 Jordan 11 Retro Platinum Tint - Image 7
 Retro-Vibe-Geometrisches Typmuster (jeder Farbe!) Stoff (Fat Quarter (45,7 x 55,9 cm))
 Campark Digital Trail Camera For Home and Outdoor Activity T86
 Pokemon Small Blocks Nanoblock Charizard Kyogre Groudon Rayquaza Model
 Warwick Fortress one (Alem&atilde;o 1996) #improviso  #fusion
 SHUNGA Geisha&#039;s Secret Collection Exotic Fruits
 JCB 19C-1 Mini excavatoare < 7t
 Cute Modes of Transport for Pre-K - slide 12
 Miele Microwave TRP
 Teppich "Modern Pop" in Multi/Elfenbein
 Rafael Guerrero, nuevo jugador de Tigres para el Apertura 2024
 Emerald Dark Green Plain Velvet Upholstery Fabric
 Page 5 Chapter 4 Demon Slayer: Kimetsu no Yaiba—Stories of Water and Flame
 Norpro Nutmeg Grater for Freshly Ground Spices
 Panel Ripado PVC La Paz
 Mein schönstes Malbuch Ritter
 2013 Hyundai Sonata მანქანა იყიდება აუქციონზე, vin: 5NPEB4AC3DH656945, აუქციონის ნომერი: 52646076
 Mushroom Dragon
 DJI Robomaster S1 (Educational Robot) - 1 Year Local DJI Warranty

*WHAT THE TASK REQUIRES*: Repeat the listing in its entirety, keeping each line as it is.

*OUTPUT FOR THIS EXERCISE*:
 Jordan 11 Retro Platinum Tint - Image 7
 Retro-Vibe-Geometrisches Typmuster (jeder Farbe!) Stoff (Fat Quarter (45,7 x 55,9 cm))
 Campark Digital Trail Camera For Home and Outdoor Activity T86
 Pokemon Small Blocks Nanoblock Charizard Kyogre Groudon Rayquaza Model
 Warwick Fortress one (Alem&atilde;o 1996) #improviso  #fusion
 SHUNGA Geisha&#039;s Secret Collection Exotic Fruits
 JCB 19C-1 Mini excavatoare < 7t
 Cute Modes of Transport for Pre-K - slide 12
 Miele Microwave TRP
 Teppich "Modern Pop" in Multi/Elfenbein
 Rafael Guerrero, nuevo jugador de Tigres para el Apertura 2024
 Emerald Dark Green Plain Velvet Upholstery Fabric
 Page 5 Chapter 4 Demon Slayer: Kimetsu no Yaiba—Stories of Water and Flame
 Norpro Nutmeg Grater for Freshly Ground Spices
 Panel Ripado PVC La Paz
 Mein schönstes Malbuch Ritter
 2013 Hyundai Sonata მანქანა იყიდება აუქციონზე, vin: 5NPEB4AC3DH656945, აუქციონის ნომერი: 52646076
 Mushroom Dragon
 DJI Robomaster S1 (Educational Robot) - 1 Year Local DJI Warranty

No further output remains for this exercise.